Ma - ribadisco - non ho affatto scritto che ci si debba fermare.
Quindi, attribuire una critica di “assiomaticità” - nell’accezione non positiva di “verità non sottoponibile a dimostrazione” - al mio pensiero, dopo averne citato solo la metà, non corrisponde alla banale semplicità e alla linearità delle due frasi che ho scritto. Cosa di cui chiunque si può rendere facilmente conto.
In precedenza, io mi ero comportato in modo estremamente corretto. Non condividendo la motivazione all’esito ligure di “olio” da lei proposta, ho fatto un intervento. Le regole del gioco sono chiare per tutti: libertà di esporre una motivazione - di tipo fonetico o altro -, libertà di fare osservazioni in merito. Per altro, lei non citava la fonte proponendo la motivazione come propria, ma io - conoscendola - non ho criticato il suo intervento e - per correttezza - ho rivolto la critica all’autore. Perché l’ho criticato?
In sintesi, semplicemente perché non è ragionevole ipotizzare che la forma latina originaria “oleum” possa aver avuto caratteristiche fonetiche (per altro del tutto indimostrabili) e non condivise da nessuno dei vocaboli simili (e, di nuovo, non si capisce quale possa mai essere il perché di questa differenza di comportamento) tali da impedire la completa evoluzione fonetica della parola. In questo caso non conta la diversità tra dialetto e italiano perché si sta trattando dell’originaria voce latina - “oleum” -. Che quest’ipotesi sia fallace e che non esista un vincolo fonetico di tale tipo lo dimostrano una forma linguistica quale “capodoglio” e la pronuncia “genuina” del parlato toscano meno “formale”.
Che, invece, il comportamento manifestato, nella loro “variabilità”, dalla famiglia di voci “derivate” di “oleum” - “oleico”, “oleario”, “olio” e “capodoglio” - sia assolutamente “normale” (come succede, in misura minore o maggiore, in tutte le lingue del mondo) è altrettanto chiaro. L’italiano - in un’infinità di casi - possiede - almeno - una “duplicità” di esiti fonetici che lo provano: pluviale/pioggia, glande/ghianda, glaciazione/ghiaccio, clamore/chiamare, vizio/vezzo . . . E’ evidente che si tratti di motivazioni “socio-linguistiche” che differenziano tipologie di “registri” d’uso. La fonetica non c’entra per nulla. Sarebbe come sostenere che l’ [l] di “clamorem” avesse particolarità ineffabili e indimostrabili tali per cui l’evoluzione fonetica s’è bloccata. Nient’affatto. Tant’è vero che esiste chiamare, che esiste clero, ma anche chierichetto e così via quasi all’infinito . . .

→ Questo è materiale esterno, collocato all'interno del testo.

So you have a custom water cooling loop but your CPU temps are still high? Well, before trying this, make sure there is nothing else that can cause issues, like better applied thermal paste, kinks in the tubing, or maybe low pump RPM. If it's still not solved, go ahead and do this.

Quindi, ad es., l’ipotizzare una “protratta” “trisillabicità” di “oleum” per spiegare esiti comparabili con “olio” risulta essere una mera illazione “antiscientifica”. L’effetto del fenomeno generale che causa e spiega l’evoluzione linguistica sarebbe stato sospeso - ad opera di chi? - nel caso particolare di “oleum” . . . E perché mai? Per far piacere all’autore cui - dopo molti secoli - non sarebbe venuto in mente nulla di meglio? No, le cose in linguistica non funzionano così.

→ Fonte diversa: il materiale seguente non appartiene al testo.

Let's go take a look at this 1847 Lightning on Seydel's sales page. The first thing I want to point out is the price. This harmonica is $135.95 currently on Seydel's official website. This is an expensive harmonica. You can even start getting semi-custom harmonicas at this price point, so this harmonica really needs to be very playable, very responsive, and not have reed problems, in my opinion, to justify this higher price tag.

E queste situazioni sono, invece, ben comprensibili in italiano se si accetta di riflettere anche sugli aspetti “socio-linguistici”. L’ipotesi della “sacralità” dell’olio potrebbe anche non essere condivisa da tutti, ma risulta perfettamente scientifica e scientificamente accettabile perché non formula ipotesi fonetiche indimostrabili e si avvale di considerazioni di tipo “socio-linguistico” che - come abbiamo visto - si dimostrano particolarmente appropriate alla “flessibilità” semantica e di “registro” d’uso e alla “variabilità” fonetica della lingua italiana.
Certo, tutti saremmo più tranquilli se le critiche a un’opinione venissero effettuate con argomenti adeguati e rispettando l’opinione stessa senza fornirne una versione difforme e distorta rispetto a quella originariamente espressa. Io ho cercato di farlo e mi sarei aspettato - ingenuamente - reciprocità.